The whole play is centered around whether Sir Troublesome is being cuckolded or not. The audience watches him struggle with finding the truth about this matter since he refuses to believe his wife. The question of how to know if you are being cheated on is one that is prevalent throughout the whole text. Sir Troublesome comes up with different schemes, all which fail, in attempts to prove that he is a cuckold. He is so obsessed with the idea that Lady Troublesome once states, "tis such a jealous fool, that if he catch but a Flea in her [my] bed, he will be searching to see if it bee a male or a female, for fear a comes to Cuckold him."

=== Faithfulness ===

Alongside cuckoldry comes faithfulness.
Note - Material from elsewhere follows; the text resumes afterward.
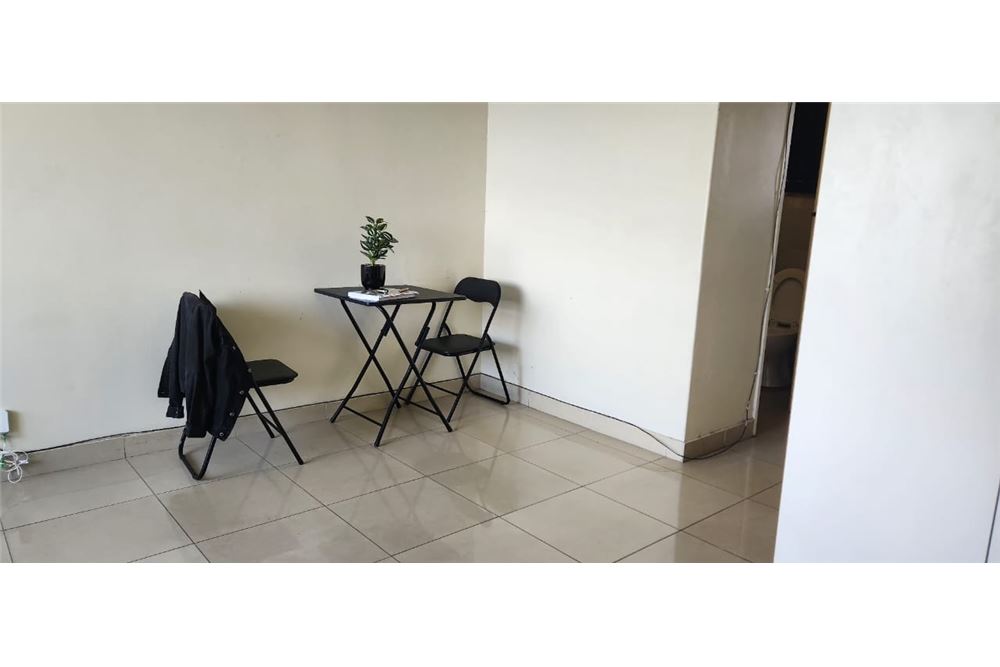 Residential - Leilighet - Essenwood, KwaZulu Natal - South Africa - 6 - 1031389029-114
During discussions of what makes an ideal woman, faithfulness is a key factor; it is a proof the love they have for their husbands. At the end of the play, Nan's father, Alderman Venter, blesses her marriage to the Young Lord Nonsuch by saying that his blessing is to "make thee both fruitful, and a faithful wife." As mentioned in the section on allusions, Peg uses Penelope, Ulysses' wife, to prove how strong her love is for Nucome. Penelope was famous for her faithfulness, for being the good wife.

== Sources & Allusions ==

=== Sources ===

This play's plot is original, with no major source texts, though the way the Captain escapes is based on a trick from Boccaccio's Decameron. The play shows signs of being hastily constructed, which is probably why it is lesser known than other Renaissance drama.

=== Allusions ===

The characters in Cupid's Whirligig often allude to classical Roman Mythology. Along with Cupid, the god of desire, Venus, the goddess of love, is mentioned multiple times. Nan talks about her love in terms of these gods, saying, "Venus be my good speede, and Cupid send me good lucke, for my heart is very light." Peg also brings up another Roman allusion, her Ulysses, using his story to prove her character. She says. "I will prove as true unto his bed, as ere did she that did Ulysses wed," saying that she will be as faithful as Penelope, Ulysses' wife, who kept all of her suitors at bay during his long absence. Biblical allusions are also present; at one instance, Sir Troublesome mutters, "the plague of Egypt upon you all," referring to the ten plagues God sent on Egypt in order for Pharaoh to let Moses take the Israelites away to the promised land.